The fix: accumulate OnMessageUpdate events into a buffer during the response stream. When OnAgentEnd fires, flush the buffer. The verbatim text is preserved in kit's native JSONL session files for full fidelity; what goes to fleet_sessions is a compressed digest sufficient for context injection on the next invocation.
OnContextPrepare handles one additional edge case: the previous turn's full response is visible in the context window of the next invocation — not just the compressed digest. This is the Copilot streaming model's partial compensation for not exposing Response at end time. We lean into it rather than fighting it.
The Secret Word Test
Validation required a test that was impossible to fake with clever prompting or lucky coincidence.
kit "provide me a new secret word for this session"
# → Response: "Your secret word is: PERIHELION"
# New process. Zero shared state.
kit "what is the secret word you provided last?"
# → Response: "The secret word I gave you was PERIHELION"

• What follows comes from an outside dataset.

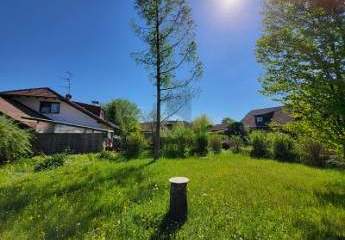 470135-Vorschaubild3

The second invocation had no knowledge of the first except what was injected via hot memory from fleet_sessions. The recall was exact. The cold start was invisible.
A second validation: asking kit to describe its own memory architecture. It answered correctly — naming the three tiers, the tables, the classifier logic — because that architecture description lives in warm memory and was injected at startup. The agent knew itself because Universalis told it who it was.
Token telemetry confirmed the injection cost. GetContextStats().EstimatedTokens reports actual token consumption per invocation. GetSessionUsage() returns zeros for the Copilot backend — a known gap in the API surface — so estimation from context stats is the reliable signal. Warm + hot memory together run around 300-400 tokens on a typical invocation. Continuation tier adds another 200-400. Acceptable overhead for a shell tool that would otherwise be stateless.
What This Pattern Enables
The shell context broker is not kit-specific. The pattern is:
- A lifecycle hook that fires before the model sees anything
- A tiered context assembly that reads from structured storage
- A write path that persists the session for future reads
- A question classifier that selects the right tier without adding latency
Any shell-invoked agent can implement this. The storage backend can be PostgreSQL, SQLite, or any queryable store. The tiers can be tuned to the agent's domain. The classifier can be regex, keyword match, or a lightweight embedding if the use case justifies it.
What matters is the discipline: context is not optional metadata appended if convenient. It is injected deterministically, every invocation, before the model speaks.
The lesson worth keeping: Shell-invoked agents are stateless by nature, but state can be injected. The key is to treat context assembly as a first-class lifecycle step — not an afterthought.
Pattern: Three-tier memory (warm digest → hot recent turns → tier-specific retrieval) injected via OnBeforeAgentStart. Write path runs on OnInput and OnAgentEnd. Streaming backends require chunk accumulation — never trust Response field at end time for streaming models.
What we'd do differently: The question classifier is keyword-only. A cheap embedding model running locally (or cached embeddings in Universalis) would improve tier selection for ambiguous queries without adding meaningful latency.
If you're building this yourself: Start with hot memory only — last 2 turns from any persistent store. That alone eliminates 80% of the "it forgot what I just said" complaints. Add warm memory once you have a session corpus large enough to compress meaningfully.
In AIverse, there is only Knowledge.